_Problem to work on_. Please repeat, from the entries that follow, the lines from the one containing "PAMPERS CRUISERS SIZE 6 X120" through the one containing "Жіночі сандалі Dr." exactly, adding nothing.

_Material provided_.

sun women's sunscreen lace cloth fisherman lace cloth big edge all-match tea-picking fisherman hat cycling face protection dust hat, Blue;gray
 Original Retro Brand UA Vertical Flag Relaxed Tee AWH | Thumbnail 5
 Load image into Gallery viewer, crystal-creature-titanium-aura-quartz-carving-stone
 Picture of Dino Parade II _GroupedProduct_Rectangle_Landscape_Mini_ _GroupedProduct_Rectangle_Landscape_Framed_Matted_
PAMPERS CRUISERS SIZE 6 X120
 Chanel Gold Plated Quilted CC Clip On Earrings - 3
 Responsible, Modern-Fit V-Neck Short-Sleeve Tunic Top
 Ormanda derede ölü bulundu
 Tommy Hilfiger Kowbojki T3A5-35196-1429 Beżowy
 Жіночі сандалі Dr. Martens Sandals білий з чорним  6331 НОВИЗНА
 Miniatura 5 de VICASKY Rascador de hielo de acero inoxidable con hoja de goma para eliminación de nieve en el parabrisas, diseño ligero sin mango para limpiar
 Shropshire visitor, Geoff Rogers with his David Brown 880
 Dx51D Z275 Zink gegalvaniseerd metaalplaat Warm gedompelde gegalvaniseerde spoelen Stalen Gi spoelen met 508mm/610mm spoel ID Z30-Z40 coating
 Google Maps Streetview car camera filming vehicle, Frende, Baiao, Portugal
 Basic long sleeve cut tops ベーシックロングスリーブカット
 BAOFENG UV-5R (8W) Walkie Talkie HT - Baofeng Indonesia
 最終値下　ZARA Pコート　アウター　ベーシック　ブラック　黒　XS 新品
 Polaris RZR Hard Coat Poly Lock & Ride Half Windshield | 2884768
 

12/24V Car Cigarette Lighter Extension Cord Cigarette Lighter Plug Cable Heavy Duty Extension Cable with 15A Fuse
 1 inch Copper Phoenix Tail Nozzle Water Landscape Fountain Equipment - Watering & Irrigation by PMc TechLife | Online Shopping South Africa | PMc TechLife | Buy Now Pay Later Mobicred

_Answer to the exercise_.
PAMPERS CRUISERS SIZE 6 X120
 Chanel Gold Plated Quilted CC Clip On Earrings - 3
 Responsible, Modern-Fit V-Neck Short-Sleeve Tunic Top
 Ormanda derede ölü bulundu
 Tommy Hilfiger Kowbojki T3A5-35196-1429 Beżowy
 Жіночі сандалі Dr. Martens Sandals білий з чорним  6331 НОВИЗНА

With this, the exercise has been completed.